Una serata senza grilli per la testa. O, meglio, un vero grillo in testa è quello che sul finale aveva il professor Franco Cardini, l’ospite della rassegna “Un mare di libri” a Porto San Giorgio (FM). Nessuno dei tanti accorsi a farsi autografare il suo libro, “La deriva dell’Occidente”, ha avuto per un po’ l’ardire di avvertire lo ieratico docente che aveva concluso un suo lungo intervento poco prima della scoccare della mezzanotte. Infatti, nonostante vari accenni di pioviggine e l’aria fresca, tanti hanno resistito fino all’ultimo non perdendosi neanche una parola dell’illustre storico 83enne. Alcuni, però, non hanno retto: “Ma questa è una lezione universitaria!”, borbottavano dietro di me a un certo punto. La migliore risposta era stata quella dell’assessore comunale alle Politiche giovanili, Marco Tombolini: “L’idea che guida la rassegna è quella di una cultura alta, non banalizzata, che possa permeare tutti gli strati della società nei diversi luoghi frequentati (le piazze in primis)”. Insomma, occorre sfidare i cittadini perché la cultura richiede impegno, sforzo, allenamento per cogliere l’’incanto’ (qui il riferimento è a QUESTO).

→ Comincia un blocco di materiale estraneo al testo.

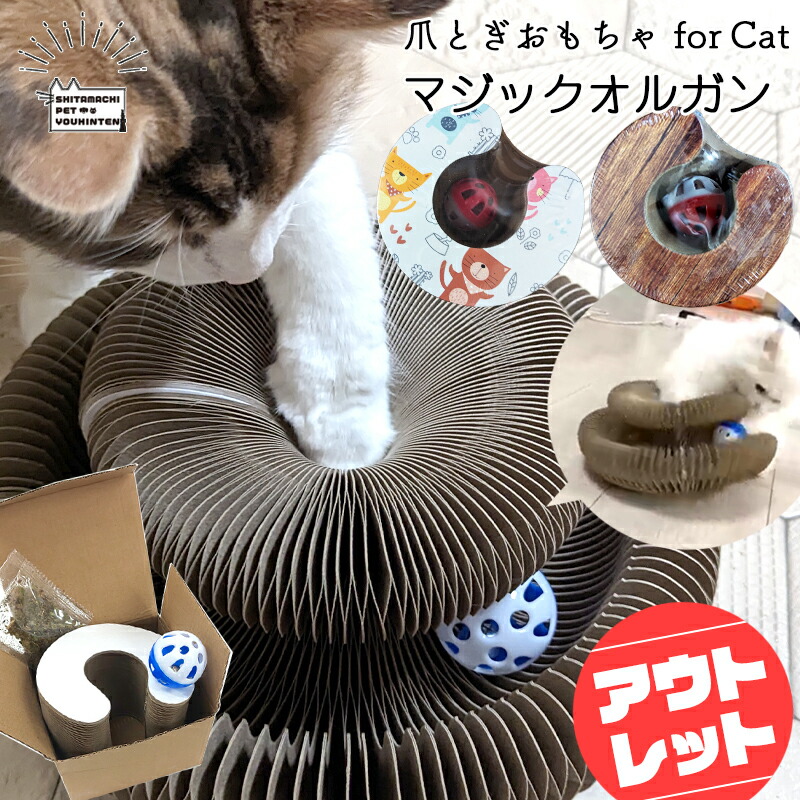 専用　　　　 猫2個セット ジェックス ピュアクリスタルドリンクボウル軟水カートリッジ猫用 2P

Perché, come nel mio caso, partire da Ascoli Piceno in una sera d’estate per arrivare nella pur splendida cornice di Rocca Tiepolo a tanti chilometri di distanza? Perché Franco Cardini, e non parlo solo da laureato in Storia, è uno dei più prestigiosi e importanti storici (ma direi in generale intellettuali) del nostro Paese. Ha insegnato Storia medievale a Bari, Firenze e Pisa, dove ora è professore emerito di Storia medievale nell’Istituto di Scienze Umane e Sociali (ora Scuola Normale di Pisa), Directeur de Recherches nell’École des Hautes Études en Sciences Sociales di Parigi, Fellow della Harvard University e membro del consiglio scientifico della Scuola Superiore di Scienze Storiche dell’Università degli Studi di San Marino. Collaboratore di diversi quotidiani nazionali, è un autore prolifico e di successo, i suoi libri sono stati tradotti in tutto il mondo. Specializzato nello studio del Medioevo, si è occupato soprattutto di crociate, pellegrinaggi e rapporti tra la cristianità e l’Islam. Ha ricevuto riconoscimenti e onorificenze di ogni genere.

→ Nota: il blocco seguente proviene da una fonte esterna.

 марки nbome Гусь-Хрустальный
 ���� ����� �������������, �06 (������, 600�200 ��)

“Il 15 luglio (che come ben sapete è in Francia il giorno dopo la festa nazionale, con annessi e connessi…) Fernand Braudel ci voleva a lezione alle 8,30 in punto…”. E qui il cuore di uno storico per un secondo si ferma. Cardini ci ha appena ricordato di essere allievo di una delle figure mitiche della storiografia del XX secolo. Come? Per farla breve, Braudel ha spostato l’attenzione dalla storia di breve durata, che si concentra sugli eventi e sulle figure individuali, alla storia di lunga durata, che studia i mutamenti lenti e strutturali, come il clima, la geografia, l’economia e le strutture sociali (con una grande enfasi sui dati quantitativi) e per questo non può che integrare varie discipline diverse. Questa distinzione ha permesso di comprendere meglio i processi storici su scala più ampia e di cogliere le connessioni tra eventi apparentemente separati e infatti la sua opera monumentale è “Il Mediterraneo”, inteso come un sistema complesso e interconnesso, con una propria storia e identità.

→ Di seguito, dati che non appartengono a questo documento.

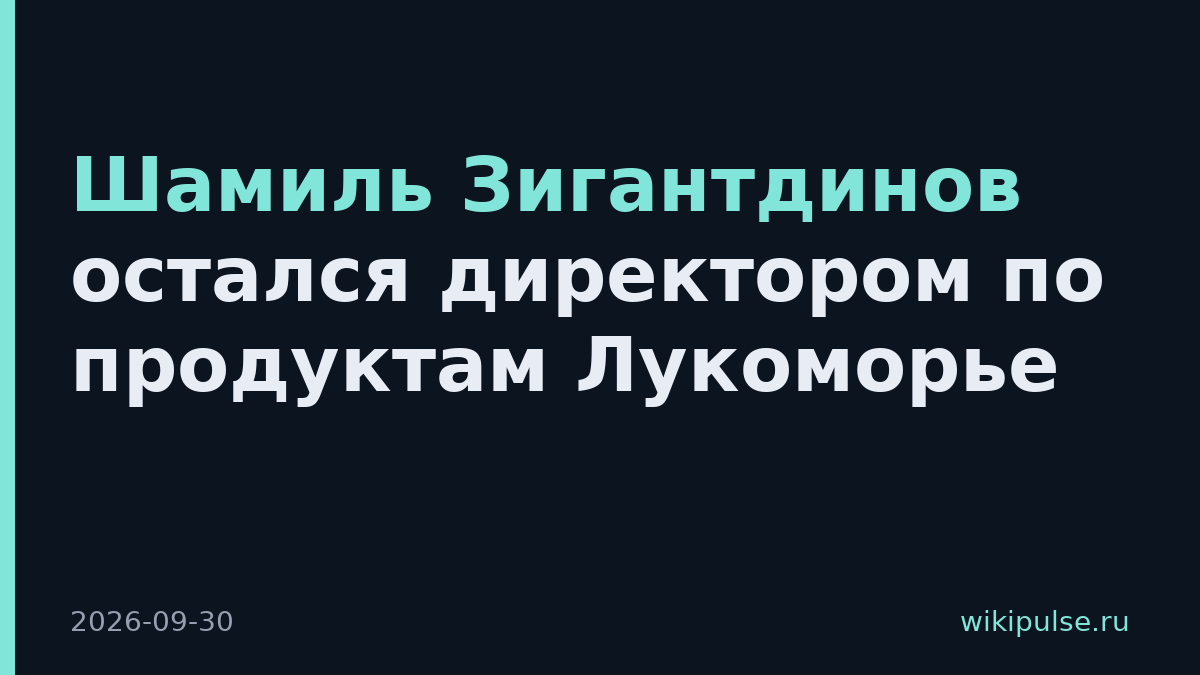 Шамиль Зигантдинов остался директором по продуктам Лукоморье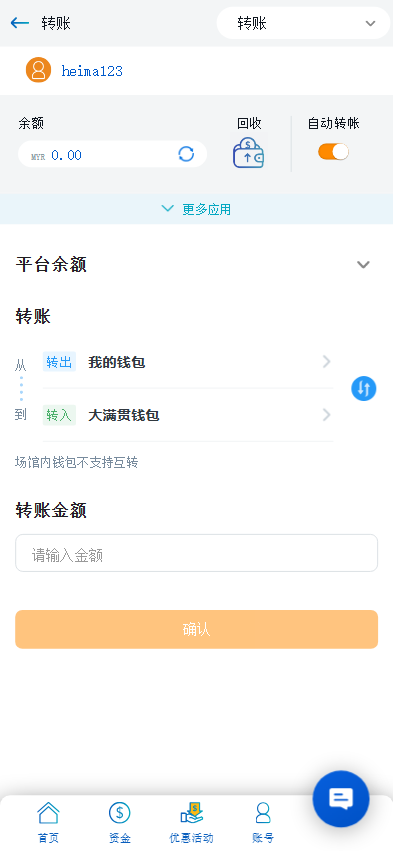 图片[7]黑马源码|源码搭建|精品源码|海外刷单|交易所|区块链|理财产品全新UI海外游戏源码 多语言 前后端重构 完整风险控制 竞猜下注游戏 海外搭建部署源码 海外游戏 電子游戲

Per quale ragione citare Braudel? Per dire una cosa semplice, “il tempo della storia non è omogeneo”. E chi dice il contrario “non ha mai fatto l’amore e non è mai stato dal dentista”. E noi occidentali eravamo “convinti di essere padroni del mondo dopo il 1989 e il crollo del mondo sovietico, convinti di costituire una sorta di aristocrazia del genere umano. Eppure, il mondo sta cambiando mentre lo contempliamo, il mondo va verso qualcosa che ci fa paura. Le cose si stanno complicando giorno dopo giorno e noi ci sentiamo impreparati. Siamo chiamati a delle scelte”. E, con il suo eloquio placido e l’inflessione fiorentina, il professore ci accompagna in una lunga divagazione biografica: il suo rapporto con una sua ricercatrice specializzanda. “Le propongo di affrontare, a partire da un interessante volume che raccoglieva la visione degli studiosi cinesi sull’opera di Marco Polo nota come Il Milione. Lei capisce ben presto che deve conoscere le ricerche in cinese per portare avanti il progetto. Le rispondo che, per una giovane, imparare i 5.000 ideogrammi del cinese moderno richiede appena qualche anno (e lei attualmente è a 4.800). Sì, dobbiamo accettare le sfide del presente. Il mondo è una macchina complessa e dobbiamo accettare la sfida: non si può semplificare. Non ci si può mai fermare, ed è questo che vuol dire essere umani”.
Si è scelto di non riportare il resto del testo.